Возмущение, которое испытывает Сиоран по отношению к молодежи, обнаруживает очевидное: с каждого наблюдательного пункта, воздвигнутого на линии, прочерченной от рождения до смерти, мир виден по-разному, и поведение того, кто наблюдает с того или иного места, само изменяется; никто не сможет понять другого, не поняв прежде всего его возраста. В самом деле, это же так очевидно, настолько очевидно! Но с первого раза видны лишь идеологические псевдоочевидности. Что касается очевидности экзистенциальной, чем она очевиднее, тем менее заметна. Возрасты жизни скрыты завесой.
Когда Пикассо нарисовал свою первую картину в стиле кубизма, ему было двадцать шесть лет: по всему миру многие художники его поколения присоединились к нему и последовали за ним. Если бы какой-нибудь шестидесятилетний художник стал ему подражать, занимаясь кубизмом, он бы показался (и с полным на то основанием) достойным осмеяния. Поскольку свобода молодого человека и свобода старика — это континенты, которые никогда не встречаются.
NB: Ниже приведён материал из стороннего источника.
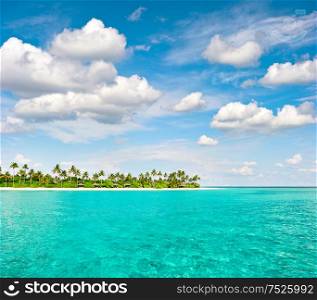 Tropical island beach with palm trees and cloudy blue sky. Nature landscape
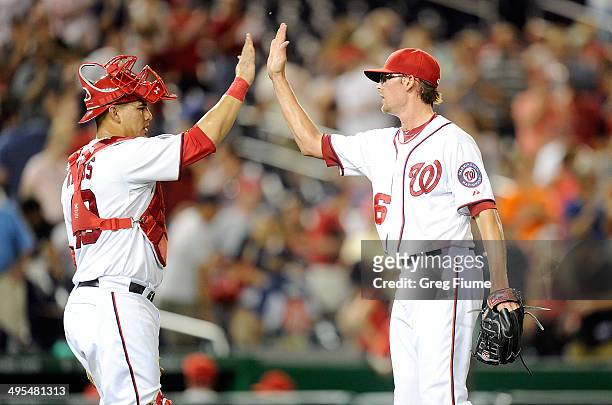 Tyler Clippard of the Washington Nationals celebrates with Wilson Ramos after a 7-0 victory against the Philadelphia Phillies at Nationals Park on...
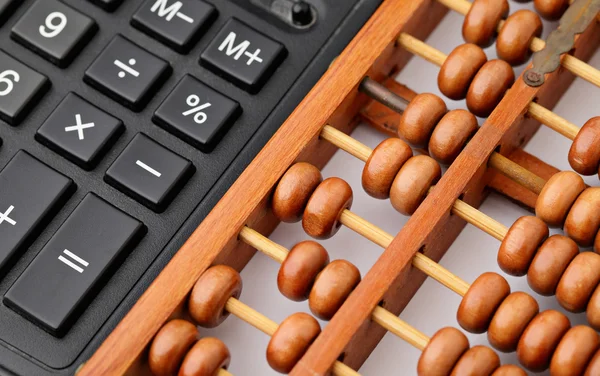 Calculator and abacus — Stock Photo, Image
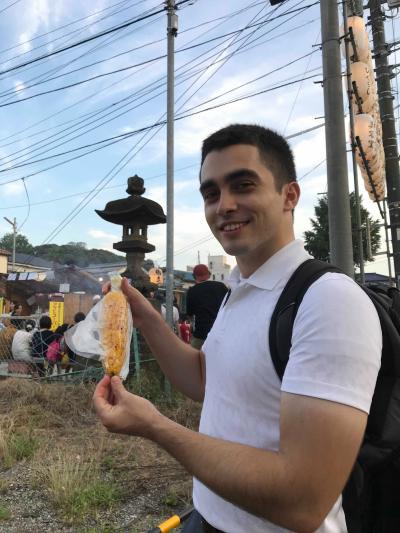 Eating corn at a festival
«Молодой, ты силен в компании, старый — в одиночестве», — писал Гёте (старый Гёте) в одной эпиграмме. В самом деле, когда молодые люди принимаются критиковать признанные идеи и установившиеся формы, им нравится объединяться в компании; когда Дерен и Матисс в начале века проводили долгие недели, на пляжах Коллиура, они рисовали похожие картины, отмеченные единой фовистской эстетикой; однако никто из них двоих не чувствовал себя эпигоном другого — и в самом деле, ни тот ни другой таковыми не являлись.
С восторженным единодушием сюрреалисты приветствовали в 1924 году смерть Анатоля Франса памятно глупым некрологом-памфлетом. «Подобных тебе, труп, мы не любим!» — писал двадцатидевятилетний Элюар. «С Анатолем Франсом ушла какая-то часть человеческого раболепства. Да станет праздником тот день, когда будут погребены коварство, традиционализм, патриотизм, оппортунизм, скептицизм, реализм и трусость!» — писал двадцативосьмилетний Бретон. «Пусть тот, кто только что сдох… развеется, как дым! От любого человека вообще очень мало что остается, а об этом даже невозможно представить себе, что он когда-то жил», — писал двадцатисемилетний Арагон.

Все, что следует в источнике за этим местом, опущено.